Exeter University SAC

Who are your members? 

We have Ocean Divers, Sports Divers, Dive Leaders, Open Water Instructors and Assistant Open Water Instructors. We do not have any Advanced Divers or First Class Divers. Members are mostly students and faculty. We heavily subside their progression, as we are almost always training the next generation of our committee. We are helped by our alumni Iain Logan and Laura Bramwell, who have worked so hard to support the club. 

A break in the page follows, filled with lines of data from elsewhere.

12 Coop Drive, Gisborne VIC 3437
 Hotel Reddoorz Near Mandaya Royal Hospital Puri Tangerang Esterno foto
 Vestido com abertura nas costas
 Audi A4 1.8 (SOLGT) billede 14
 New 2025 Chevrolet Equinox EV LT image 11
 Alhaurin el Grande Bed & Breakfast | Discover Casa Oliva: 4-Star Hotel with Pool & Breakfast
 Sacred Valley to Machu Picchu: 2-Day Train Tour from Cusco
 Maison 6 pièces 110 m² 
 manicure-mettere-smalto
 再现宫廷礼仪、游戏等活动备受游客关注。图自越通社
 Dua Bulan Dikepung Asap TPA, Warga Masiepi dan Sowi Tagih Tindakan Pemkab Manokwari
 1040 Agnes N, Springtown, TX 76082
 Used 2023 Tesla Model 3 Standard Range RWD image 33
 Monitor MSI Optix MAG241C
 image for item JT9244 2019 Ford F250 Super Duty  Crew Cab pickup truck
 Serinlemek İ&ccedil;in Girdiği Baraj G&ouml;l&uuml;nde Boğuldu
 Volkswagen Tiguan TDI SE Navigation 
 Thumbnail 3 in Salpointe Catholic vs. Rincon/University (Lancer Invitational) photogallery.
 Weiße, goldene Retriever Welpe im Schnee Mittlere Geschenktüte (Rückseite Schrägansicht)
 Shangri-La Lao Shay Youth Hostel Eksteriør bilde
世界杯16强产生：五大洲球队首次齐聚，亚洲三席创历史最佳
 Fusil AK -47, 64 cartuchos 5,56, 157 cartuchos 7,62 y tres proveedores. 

How do you make diving affordable? 

Our annual fee includes air and equipment rental. We offer free access to socials and commercial diver talks (subjects range from underwater micro photography to rebreather diving and cave diving) and any trips are always run at cost. We maintain a stock of 18 regulators, 40 BCDs and 25 cylinders; we also provide full protective equipment including semi-dry wetsuits, hoods, boots and gloves. Equipment secretaries Mathew Atkins and Jake Curry work very hard to maintain our kit. We simply couldn’t keep going without the help of T.H. Dive Services in Plymouth, where we regularly get our kit serviced. 

Exeter University SAC

Do you get financial support from the university?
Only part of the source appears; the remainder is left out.